O equilíbrio das contas públicas brasileiras contará com um novo mecanismo de controle a partir de 2027. O Projeto de Lei de Diretrizes Orçamentárias (PLDO), enviado pelo Executivo ao Congresso, estabelece "gatilhos" que limitam o crescimento das despesas com funcionalismo e barram a concessão de novas renúncias tributárias. A medida é uma resposta direta ao déficit registrado nas contas da União e visa garantir a sustentabilidade do arcabouço fiscal nos próximos anos.
Pela nova regra, o aumento nos gastos com pessoal será limitado a 0,6% acima da inflação. Essa restrição funciona como um subteto, impactando diretamente a realização de novos concursos públicos e a concessão de reajustes salariais. Além disso, enquanto o desequilíbrio persistir, o governo fica impedido de criar, prorrogar ou ampliar qualquer tipo de benefício fiscal. De acordo com o ministro do Planejamento, Bruno Moretti, essa desaceleração é um movimento planejado após o período de reestruturação das carreiras.
“Fizemos uma recomposição fundamental para o serviço público brasileiro.

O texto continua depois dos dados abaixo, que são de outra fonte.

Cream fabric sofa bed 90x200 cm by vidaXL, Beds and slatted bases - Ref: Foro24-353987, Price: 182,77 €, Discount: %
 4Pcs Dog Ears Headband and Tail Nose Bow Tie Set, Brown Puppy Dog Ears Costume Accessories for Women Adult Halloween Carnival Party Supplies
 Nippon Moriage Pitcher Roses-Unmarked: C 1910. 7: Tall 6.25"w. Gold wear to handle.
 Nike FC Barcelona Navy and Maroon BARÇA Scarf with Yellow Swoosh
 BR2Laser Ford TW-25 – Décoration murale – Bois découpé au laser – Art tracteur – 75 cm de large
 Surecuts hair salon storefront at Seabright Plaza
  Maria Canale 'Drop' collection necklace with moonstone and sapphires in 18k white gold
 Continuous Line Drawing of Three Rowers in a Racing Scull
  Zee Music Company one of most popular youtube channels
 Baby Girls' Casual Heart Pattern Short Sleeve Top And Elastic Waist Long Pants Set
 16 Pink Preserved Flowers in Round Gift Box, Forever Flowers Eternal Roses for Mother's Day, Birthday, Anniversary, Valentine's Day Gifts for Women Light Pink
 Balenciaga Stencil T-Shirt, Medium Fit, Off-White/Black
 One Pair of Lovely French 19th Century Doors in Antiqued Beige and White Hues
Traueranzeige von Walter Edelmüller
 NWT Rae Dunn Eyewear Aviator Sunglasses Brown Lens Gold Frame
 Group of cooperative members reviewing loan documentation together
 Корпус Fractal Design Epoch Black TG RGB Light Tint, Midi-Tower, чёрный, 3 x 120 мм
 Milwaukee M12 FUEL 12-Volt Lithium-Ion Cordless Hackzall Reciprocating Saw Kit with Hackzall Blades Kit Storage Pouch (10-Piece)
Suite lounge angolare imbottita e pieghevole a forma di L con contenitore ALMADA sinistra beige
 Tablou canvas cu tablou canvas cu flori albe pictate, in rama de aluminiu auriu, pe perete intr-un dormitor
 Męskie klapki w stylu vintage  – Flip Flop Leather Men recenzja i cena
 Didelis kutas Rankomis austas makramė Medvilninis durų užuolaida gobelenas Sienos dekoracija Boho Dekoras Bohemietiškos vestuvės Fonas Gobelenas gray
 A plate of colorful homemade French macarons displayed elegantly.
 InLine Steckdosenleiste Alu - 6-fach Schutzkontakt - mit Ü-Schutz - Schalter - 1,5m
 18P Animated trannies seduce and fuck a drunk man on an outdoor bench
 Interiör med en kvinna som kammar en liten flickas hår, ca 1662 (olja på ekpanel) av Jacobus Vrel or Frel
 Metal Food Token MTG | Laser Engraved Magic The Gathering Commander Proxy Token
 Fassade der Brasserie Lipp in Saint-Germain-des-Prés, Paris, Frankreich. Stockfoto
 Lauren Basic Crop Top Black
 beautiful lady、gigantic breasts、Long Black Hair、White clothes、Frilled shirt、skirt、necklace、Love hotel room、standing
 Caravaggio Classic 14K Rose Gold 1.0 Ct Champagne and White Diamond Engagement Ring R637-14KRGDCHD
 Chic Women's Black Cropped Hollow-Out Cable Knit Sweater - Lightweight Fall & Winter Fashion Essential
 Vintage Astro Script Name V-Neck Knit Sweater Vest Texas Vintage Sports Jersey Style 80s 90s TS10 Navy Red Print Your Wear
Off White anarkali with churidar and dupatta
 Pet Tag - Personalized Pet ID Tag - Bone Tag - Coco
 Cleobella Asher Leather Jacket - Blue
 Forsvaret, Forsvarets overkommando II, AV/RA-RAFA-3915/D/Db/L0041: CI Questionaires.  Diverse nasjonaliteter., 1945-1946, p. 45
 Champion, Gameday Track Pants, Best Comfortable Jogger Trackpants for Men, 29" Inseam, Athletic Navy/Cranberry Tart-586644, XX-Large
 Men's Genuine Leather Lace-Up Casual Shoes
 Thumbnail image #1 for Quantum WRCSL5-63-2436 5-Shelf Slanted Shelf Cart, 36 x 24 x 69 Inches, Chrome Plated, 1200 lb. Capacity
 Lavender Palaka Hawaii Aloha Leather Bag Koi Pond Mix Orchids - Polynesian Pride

É natural que haja uma desaceleração da taxa de crescimento dessa despesa e ela é garantida pelo ativamento desse gatilho previsto no projeto de lei”, explicou o ministro Moretti.
A projeção para 2027 é de um superávit oficial de R$ 73,2 bilhões, mas, ao considerar despesas que correm fora do arcabouço — como precatórios e gastos específicos de saúde e educação —, o saldo real deve ficar próximo de R$ 8 bilhões. O ministro da Fazenda, Dario Durigan, em agenda internacional, reforçou o tom de cautela da equipe econômica.
“Há um grande aperto em termos de despesa com pessoal, vai também haver outras estratégias de incorporação dos precatórios também de maneira bastante cuidadosa e conservadora”, afirmou Durigan.
As restrições deverão ser seguidas independentemente de quem ocupe o Palácio do Planalto a partir de 2027, salvo em casos de calamidade pública. Se as metas de superávit não forem atingidas no primeiro ano de vigência, os gatilhos de contenção de gastos permanecerão ativos automaticamente para os exercícios de 2028 e 2029.